Onderzoek

De stierenvechter met spijt? Die bestaat ­helemaal niet

De stierenvechter met spijt? Die bestaat ­helemaal niet

“Spijt? Ik had helemaal geen spijt. Ik veegde gewoon het zweet van mijn ­gezicht. Het was heel heet die dag.” Javier Sanchez Vara is de naam, en stierenvechten zijn beroep. De Spanjaard is de man op de antistierenvechtenfoto die al ­jaren de wereld verovert via sociale media, als zogenaamd berouwvolle stierenvechter. Wroeging heeft de stierenvechter niet, vertelt hij voor het eerst. En de fake foto heeft misschien zieltjes gewonnen onder dierenrechtenactivisten, intussen heeft de waarheid zwaar verloren. Met medewerking van Arkasha Keysers

Een stierenvechter die recht in de ogen van de stier heeft gekeken en ter plekke beslist te stoppen met zijn leven als toreador. Met zijn hand lijkt de toreador zijn voorhoofd te ondersteunen, en zo suggereert het beeld dat de man verdrietig is omwille van zijn eigen wandaden – zo staat het in de begeleidende tekst. Waarschijnlijk heb je de foto al op Facebook zien passeren, van de toreador die spijt kreeg. Die man wil ik ooit interviewen, dacht ik jaren geleden al. Want wat een inspirerend verhaal, en zie je wel, slechte mensen kunnen veranderen. Ik zag de titel al voor me: Van dierenbeul tot dierenredder – of iets in die trant.

En zie, het was fake news. Serieus fout.

1. De man op de foto is niet, zoals er staat, Álvaro Múnera, een stierenvechter met spijt, maar de net genoemde Javier Sanchez Vara. Dat is geen geheim, maar weinig bekend. Ik ontdekte het op de site van Alexander Fiske-Harrison, de Engelse filosoof en schrijver van ‘Into The Arena: The World of the Spanish Bullfight’.

2. Álvaro Múnera bestaat en is een ex-stierenvechter, maar hij stopte níét met stierenvechten omdat hij spijt had.
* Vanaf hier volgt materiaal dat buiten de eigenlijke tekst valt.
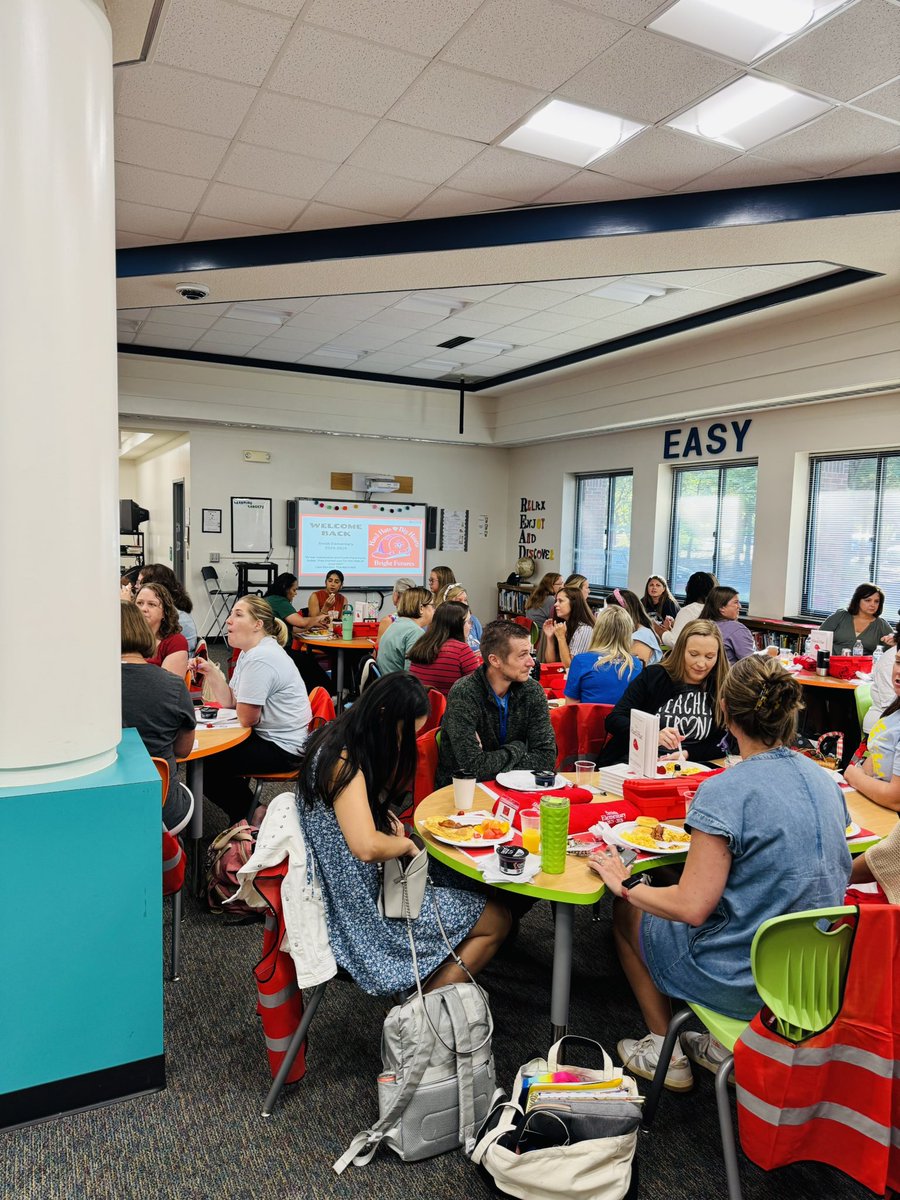 Smith_Seabees's tweet photo. ๐ฆบโค๏ธโจ Hard Hats, Big Hearts, Bright Futures!!
Our staff is ready to build something special this yearโfocused on teamwork, heart, and student success. Huge thanks to our PTO for the breakfast kickoff! ๐ #BetterTogether #smithseabees https://t.co/TlXSnoQRvo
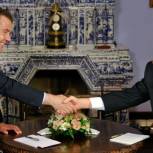 Медведев обсудил с Раулем Кастро вопросы двустороннего сотрудничества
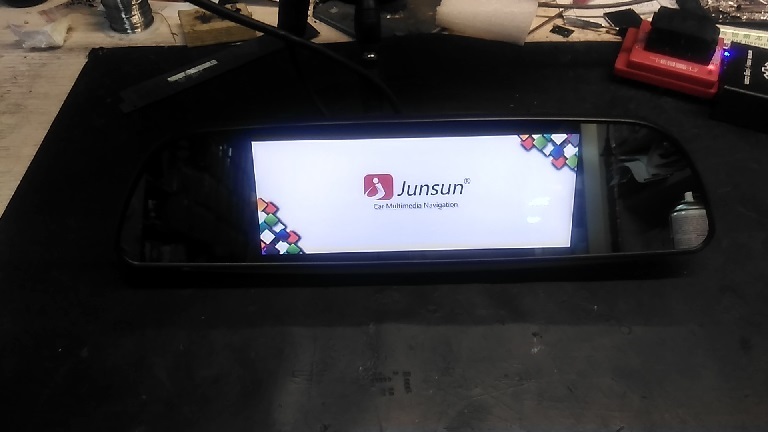 1. Само зеркало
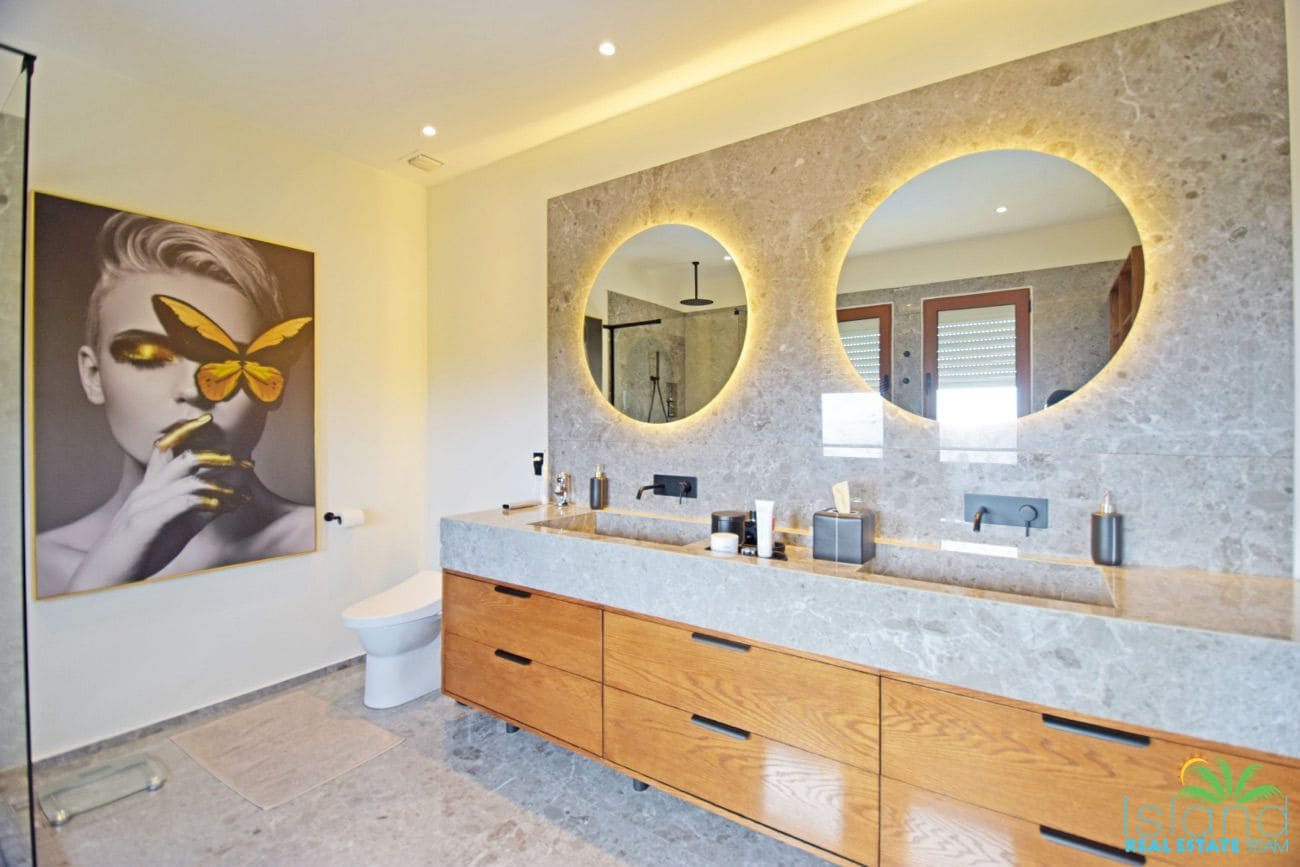 For Sale 3 Bedroom 3.5 Bath Ocean View Condo St. Maarten Cupecoy 15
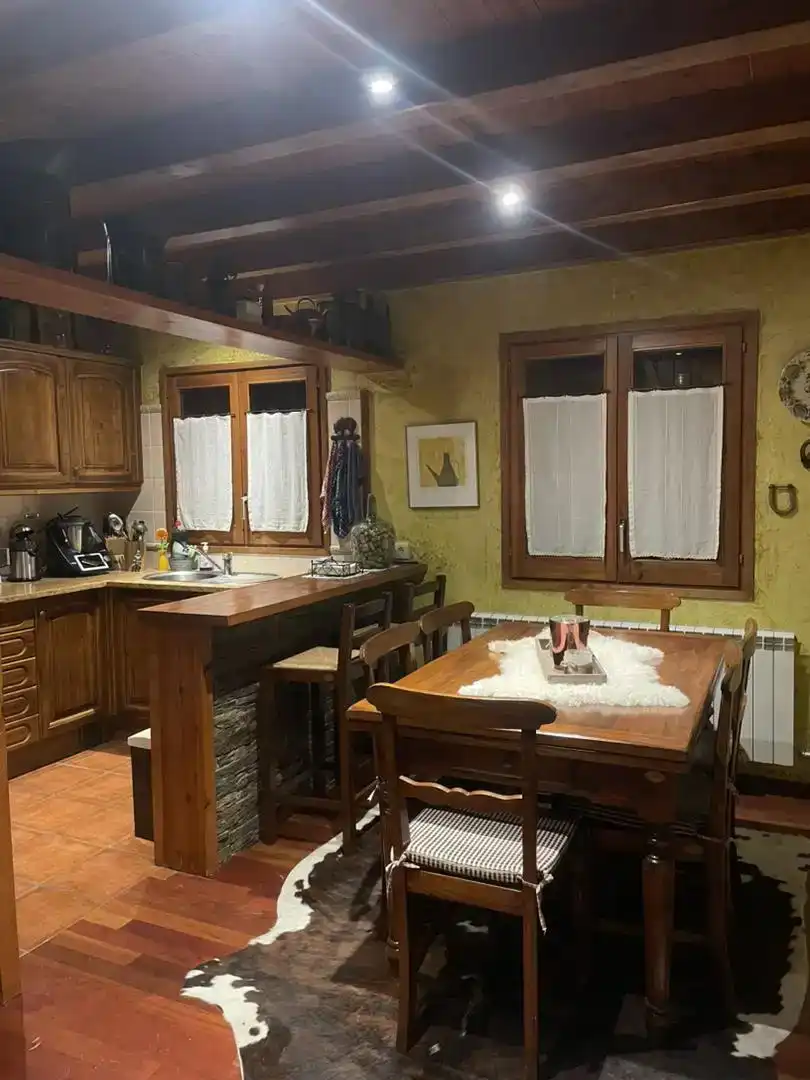 Menjador de Casa adosada en venda en Prats i Sansor amb Jardí privat, Parquet i Traster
Hij raakte verlamd bij een ongeluk en kon gewoon niet meer vechten. Pas na een lange revalidatie in de VS kwam hij tot inkeer.

3. De tekst naast de foto blijkt dan weer afkomstig van Antonio Gala Velasco, een Spaanse schrijver.
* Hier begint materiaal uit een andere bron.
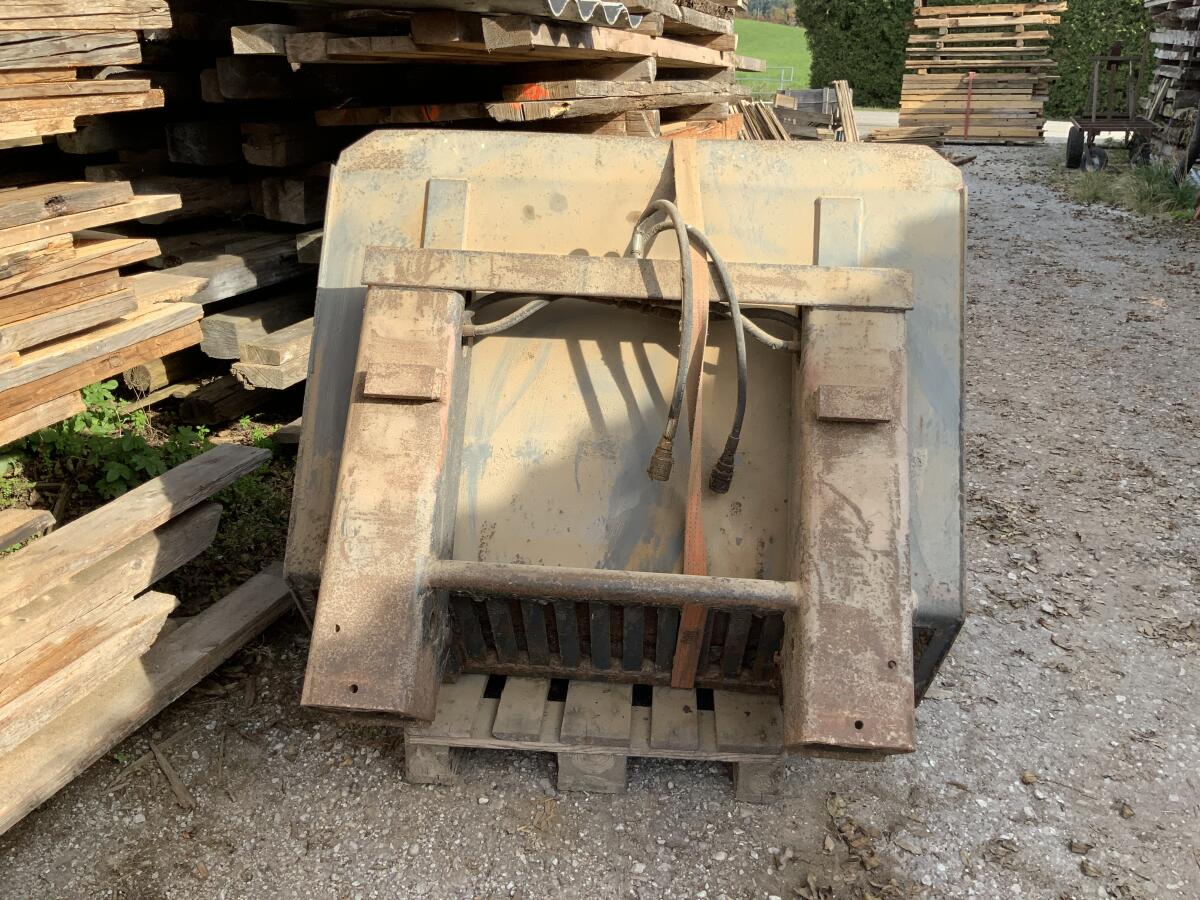 Hydraulisch kippbare Schaufel 1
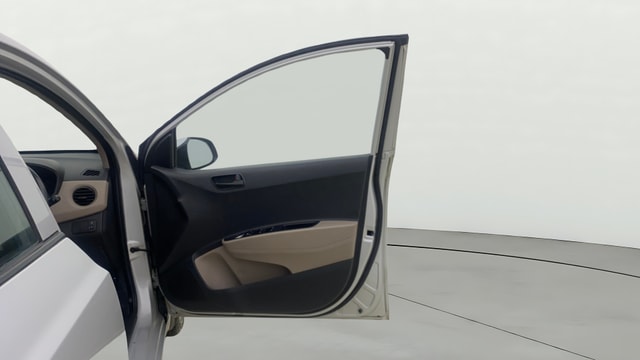 View Hyundai Grand i10 Image 43 Used Hyundai Grand i10 Image 43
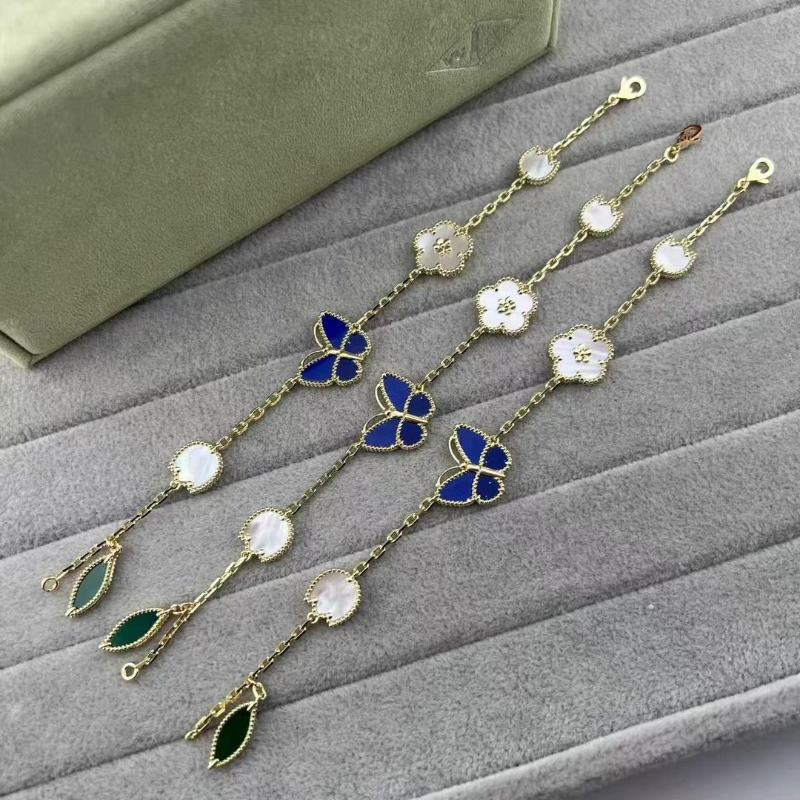 Van Cleef & Arpels Butterfly bracelet, high-end flower and green leaf necklace jewelry ring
In plaats van een bekeerde ex-­stierenvechter, ontmoette ik een man die helemaal niet tot inkeer is gekomen en wellicht nooit tot inkeer zal komen. En ik vond hem zelfs ongelooflijk sympathiek.

Het duurde even vooraleer ik erin slaagde Javier Sanchez Vara op te sporen. Uiteindelijk vond ik zijn manager via Facebook (waarvoor dank, Facebook, jullie doen niet alleen aan fake news). Hij wilde praten, zei zijn manager, maar enkel als ik geen ­dierenrechtenactivist was. Ik was wekenlang bang dat hij op het laatste nippertje zou afzeggen. Misschien had hij ontdekt dat ik vegetariër ben – en ben ik daardoor niet een beetje dierenactivist? Ik stelde me scenario’s voor waarbij hij me een stukje chorizo zou voorschotelen, als ultieme test, en waarbij ik die elegant zou afslaan. Ik bekijk expres niet de recente documentaire ‘Tauromaquia’ over stierengevechten die ik tegenkwam.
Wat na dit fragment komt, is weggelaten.